Over the last couple of years we've talked to numerous database practitioners, across many companies and industries. What emerged from these discussions is clarity on the demand for an open-source equivalent to a Cloud Native Database such as Amazon's Aurora, Facebook's MySQL, and Azure's CosmosDB. In this talk, you will learn about our effort to make such an open-source Cloud Native Database available to the community.
Through the presentation, the audience will be introduced to a set of principles and architectural elements that define what we mean by Cloud Native Database. We will discuss Rockset's RocksDB-Cloud library and how it works with Facebook's MyRocks storage engine. We also will cover PlanetScale's Vitess project and their use of Kubernetes for deployment of our Database-as-a-Service (DBaaS) mechanisms. Lastly, we share data on the performance and scale characteristics of the architecture and components that we have developed.
When it comes to choosing a distributed streaming platform for real-time data pipelines, everyone knows the answer: Apache Kafka!
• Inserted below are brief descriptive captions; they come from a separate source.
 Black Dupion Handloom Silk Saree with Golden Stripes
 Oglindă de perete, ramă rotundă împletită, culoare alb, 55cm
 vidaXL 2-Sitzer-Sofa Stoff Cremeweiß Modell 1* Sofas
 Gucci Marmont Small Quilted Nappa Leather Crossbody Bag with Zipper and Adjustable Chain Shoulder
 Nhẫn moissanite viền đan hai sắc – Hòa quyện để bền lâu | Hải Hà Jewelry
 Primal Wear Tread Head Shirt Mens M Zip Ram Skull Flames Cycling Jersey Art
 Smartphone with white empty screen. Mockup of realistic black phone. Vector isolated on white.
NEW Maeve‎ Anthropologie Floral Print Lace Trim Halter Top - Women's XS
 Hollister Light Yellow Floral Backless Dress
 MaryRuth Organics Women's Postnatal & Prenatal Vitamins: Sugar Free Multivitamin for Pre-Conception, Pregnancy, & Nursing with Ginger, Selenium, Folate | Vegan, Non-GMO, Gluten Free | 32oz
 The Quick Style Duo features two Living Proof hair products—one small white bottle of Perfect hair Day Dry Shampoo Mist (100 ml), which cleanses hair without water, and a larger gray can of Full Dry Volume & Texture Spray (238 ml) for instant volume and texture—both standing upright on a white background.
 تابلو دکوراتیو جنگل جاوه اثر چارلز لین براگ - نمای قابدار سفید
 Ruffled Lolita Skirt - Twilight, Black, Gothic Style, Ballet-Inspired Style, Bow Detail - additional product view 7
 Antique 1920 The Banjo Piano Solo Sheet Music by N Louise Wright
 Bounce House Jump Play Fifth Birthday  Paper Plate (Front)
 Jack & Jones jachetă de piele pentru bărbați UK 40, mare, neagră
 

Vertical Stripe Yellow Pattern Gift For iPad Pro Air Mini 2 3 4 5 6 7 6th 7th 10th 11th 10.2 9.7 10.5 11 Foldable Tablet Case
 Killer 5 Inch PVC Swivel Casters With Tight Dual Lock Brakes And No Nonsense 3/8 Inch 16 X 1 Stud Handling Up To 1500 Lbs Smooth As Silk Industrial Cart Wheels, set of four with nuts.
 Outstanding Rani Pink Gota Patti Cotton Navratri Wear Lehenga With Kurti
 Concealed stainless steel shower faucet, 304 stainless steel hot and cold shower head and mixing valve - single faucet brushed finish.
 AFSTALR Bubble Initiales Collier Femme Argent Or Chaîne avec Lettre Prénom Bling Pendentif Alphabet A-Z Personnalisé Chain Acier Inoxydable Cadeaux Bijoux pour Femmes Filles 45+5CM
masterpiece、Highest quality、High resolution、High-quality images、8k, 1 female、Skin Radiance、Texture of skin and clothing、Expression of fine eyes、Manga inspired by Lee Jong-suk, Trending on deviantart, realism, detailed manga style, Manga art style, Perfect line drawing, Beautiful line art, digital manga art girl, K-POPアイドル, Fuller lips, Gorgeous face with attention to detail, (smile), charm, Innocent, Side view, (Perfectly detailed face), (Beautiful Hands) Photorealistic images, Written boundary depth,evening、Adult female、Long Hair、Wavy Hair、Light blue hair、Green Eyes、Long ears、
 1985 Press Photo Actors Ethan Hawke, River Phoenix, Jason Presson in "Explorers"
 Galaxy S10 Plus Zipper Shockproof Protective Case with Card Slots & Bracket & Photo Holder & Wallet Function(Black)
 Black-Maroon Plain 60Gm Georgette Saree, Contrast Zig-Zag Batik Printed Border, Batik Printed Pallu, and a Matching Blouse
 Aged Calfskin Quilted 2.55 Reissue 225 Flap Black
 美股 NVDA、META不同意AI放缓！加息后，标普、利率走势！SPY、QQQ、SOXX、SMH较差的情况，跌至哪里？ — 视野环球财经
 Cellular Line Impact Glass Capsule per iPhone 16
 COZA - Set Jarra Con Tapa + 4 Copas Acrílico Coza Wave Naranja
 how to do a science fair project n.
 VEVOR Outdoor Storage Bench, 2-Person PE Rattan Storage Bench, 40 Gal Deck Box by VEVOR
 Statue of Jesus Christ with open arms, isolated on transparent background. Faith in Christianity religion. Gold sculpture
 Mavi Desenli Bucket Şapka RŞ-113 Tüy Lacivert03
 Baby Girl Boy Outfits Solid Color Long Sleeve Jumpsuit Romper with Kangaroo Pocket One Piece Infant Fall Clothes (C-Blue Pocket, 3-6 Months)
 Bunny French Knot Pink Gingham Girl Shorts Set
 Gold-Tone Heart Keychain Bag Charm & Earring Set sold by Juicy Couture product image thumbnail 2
And when it comes to deploying applications at scale without needing to integrate different pieces of infrastructure yourself, the answer nowadays is increasingly Kubernetes. However, with all great things, the devil is truly in the details. While Kubernetes does provide all the building blocks that are needed, a lot of thought is required to truly create an enterprise-grade Kafka platform that can be used in production. In this technical deep dive, Viktor will go through challenges and pitfalls of managing Kafka on Kubernetes as well as the goals and lessons learned from the development of the Confluent Operator for Kubernetes.
As modern organizations have rapidly embraced containers in recent years, stateful applications like databases have proven tougher to transition into this brave new world than other workloads. When a persistent state is involved, more is required both of the container orchestration system and of the stateful application itself to ensure the durability and availability of the data.
This talk will walk through my experiences trying to reliably run CockroachDB, the open source distributed SQL database, on Kubernetes, optimize its performance, and help others do the same in their heterogeneous environments. We'll look at what kinds of stateful applications can most easily be run in containers, which Kubernetes features and usage patterns are most helpful for running them, and many, many pitfalls I encountered along the way. Finally, we'll ponder what's missing and what the future may hold for running databases in containers.